TypeScript: Complex Data Types, JSON, FP processing of JSON
PPL 2023
On the basis of the distinction atomic types / compound types, we can define more complex data types - that embed recursively maps and arrays. We introduce Javascript Object Notation (JSON) which has become a common language to exchange complex data values across systems (for example, between a client and a server or to store values in databases).
We present the different types of JSON values and finally, we describe how higher-order functional patterns make processing of JSON values convenient and expressive.
Literal Expressions in Programming Languages
In general, programming languages provide ways to specify values as part of expressions. Literal expressions are the syntactic representation of values that appear as part of expressions.
For example, consider the expression:
let v = 42;
(v > 0) ? "ok" : "nok";
In this compound expression, the sub-expressions 42
, 0
, "ok"
and "nok"
are all syntactic representations of
primitive values. These expressions are string encodings of values each according to the rules of the
syntax of the language and to the type of the value (number, string, boolean).
Distinguish between literal expressions and the values they represent:
- Literal expressions are part of the syntax of a programming language; they are evaluated.
- Values are the result of the evaluation; they are part of the semantics of the language.
All programming languages provide syntax to write literal expressions for atomic values.
For compound values, languages like Java and C++ provide no or very limited ways to specify literal expressions. For example, in Java to bind a list to its value, the following syntax must be used:
ArrayList<String> names = new ArrayList<String>(Arrays.asList("avi", "bob", "chloe"));
In contrast, in JavaScript, one would write directly a compound array values as:
let names = ["avi", "bob", "chloe"];
The key difference is that the Java expression is an invocation of constructor methods, while in JavaScript compound values can be written directly. This difference becomes more significant as we consider even more complex value types.

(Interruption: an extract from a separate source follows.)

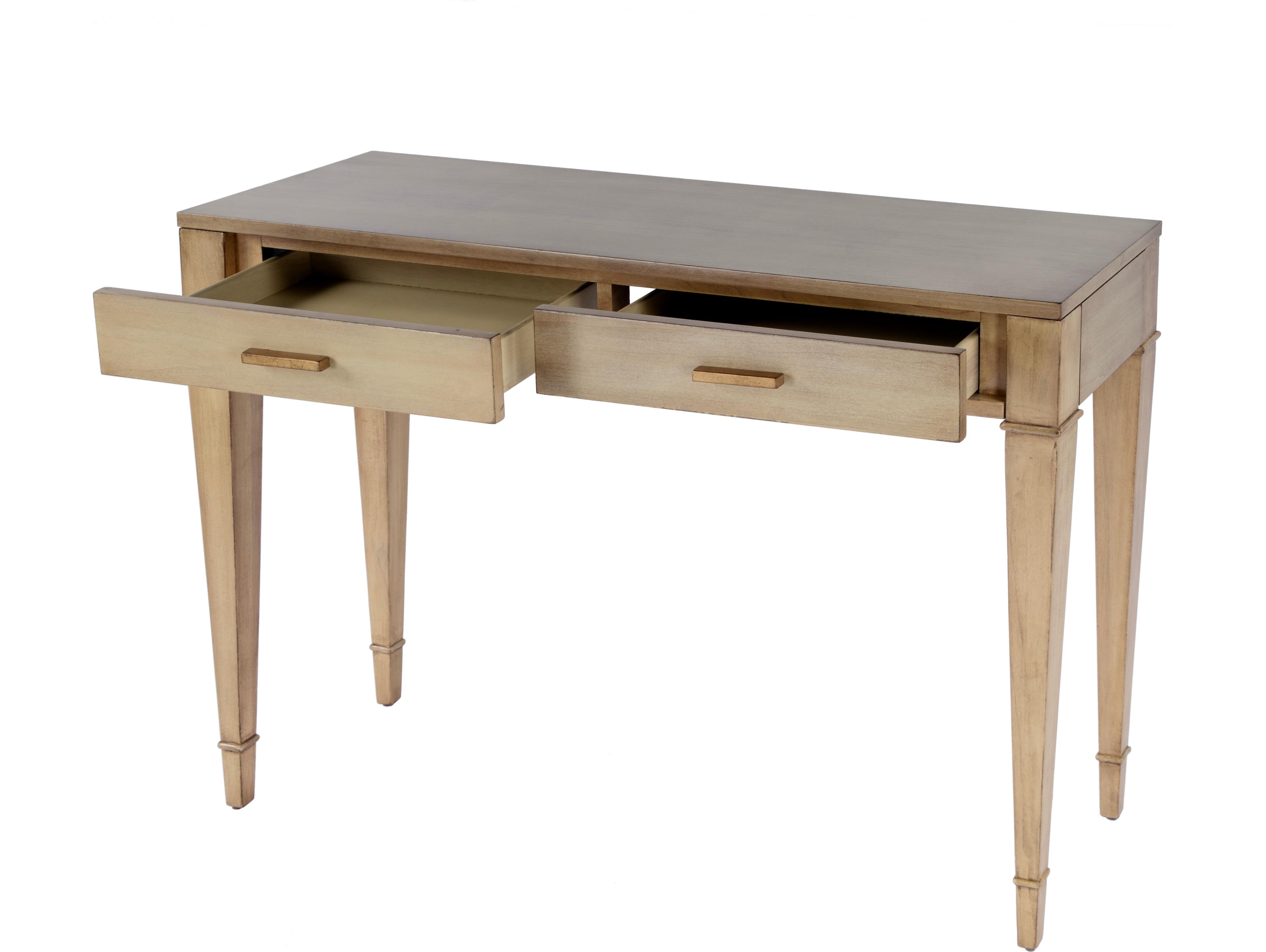 Butler Kai Rectangular Wood Antique Beige Console Table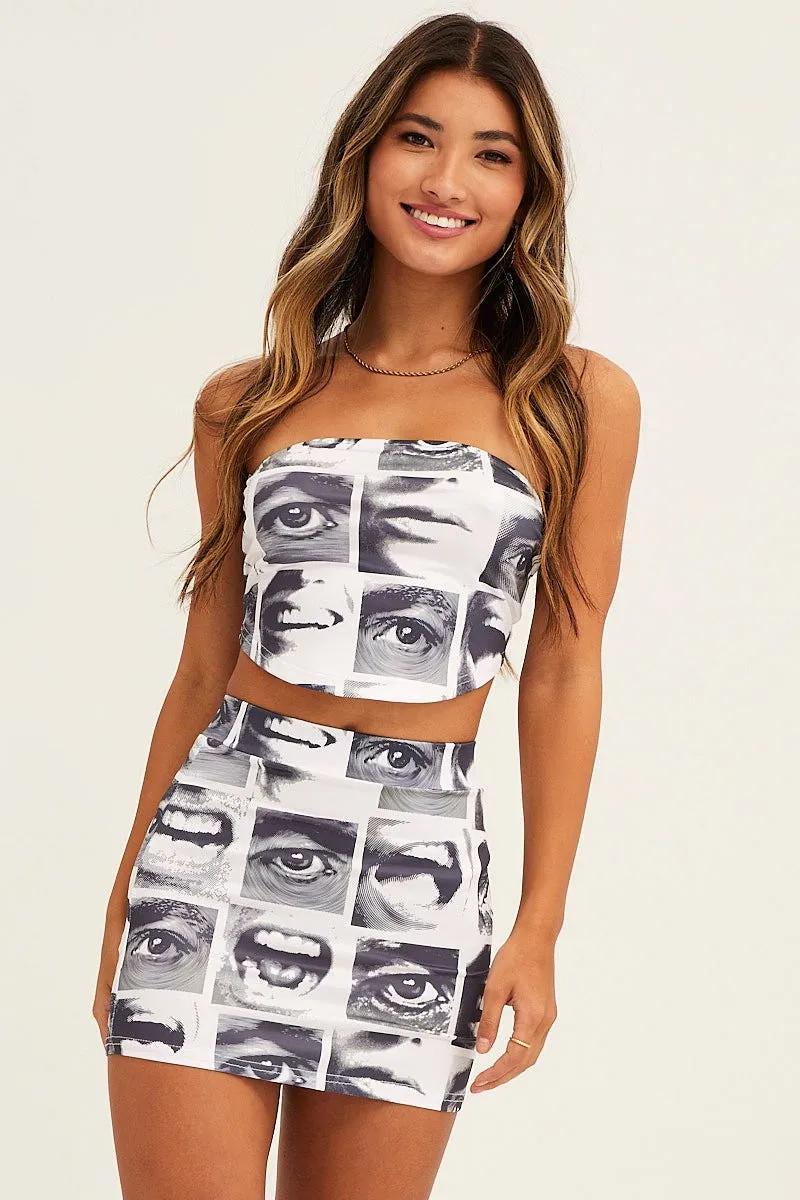 Photography Session White Abstract Mini Skirt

Complex Data Values in JavaScript
By combining arrays and maps, one can construct expressive data structures in JavaScript. For example, we can encode values such as:
let person1 = {name:"avi", age:25},
person2 = {name:"beate", age:23},
csDept = { name:"CS", faculty:"Natural Sciences"},
course = { name:"PPL", dept:csDept, students:[person1, person2]}
course
// ==>
// { name: 'PPL',
// dept: { name: 'CS', faculty: 'Natural Sciences' },
// students: [ { name: 'avi', age: 25 }, { name: 'beate', age: 23 } ] }
We can also write this value directly, without building it “piece by piece” as a compound literal value expression.
let ppl = {
name: 'PPL',
dept: { name: 'CS', faculty: 'Natural Sciences' },
students: [ { name: 'avi', age: 25 }, { name: 'beate', age: 23 } ] };
ppl.students[0].name;
// => 'avi'
In contrast, in Java, we would have to construct this complex value by invoking new
on each sub-component, then consruct the value bottom up until the toplevel expression. We would also need to define classes to describe the type of each subexpression - Person
, Dept
, Course
.
class Person { private String name; private int age; ...}
class Dept { private String name; private String faculty; ...}
class Course { private String name; private Dept dept; private ArrayList<Person> students; ...
public void addStudent(Persont p) { students.add(p); }
public static void main(String[] args) {
Person person1 = new Person("avi", 25);
Person person2 = new Person("beate", 23);
Dept csDept = new Dept("cs", "Natural Sciences");
Course ppl = new Course("ppl", csDept);
ppl.addStudent(person1);
ppl.addStudent(person2);
}
}
The JavaScript handling of complex literal values is more concise. Conciseness is important because it encourages the programmer to use the facility.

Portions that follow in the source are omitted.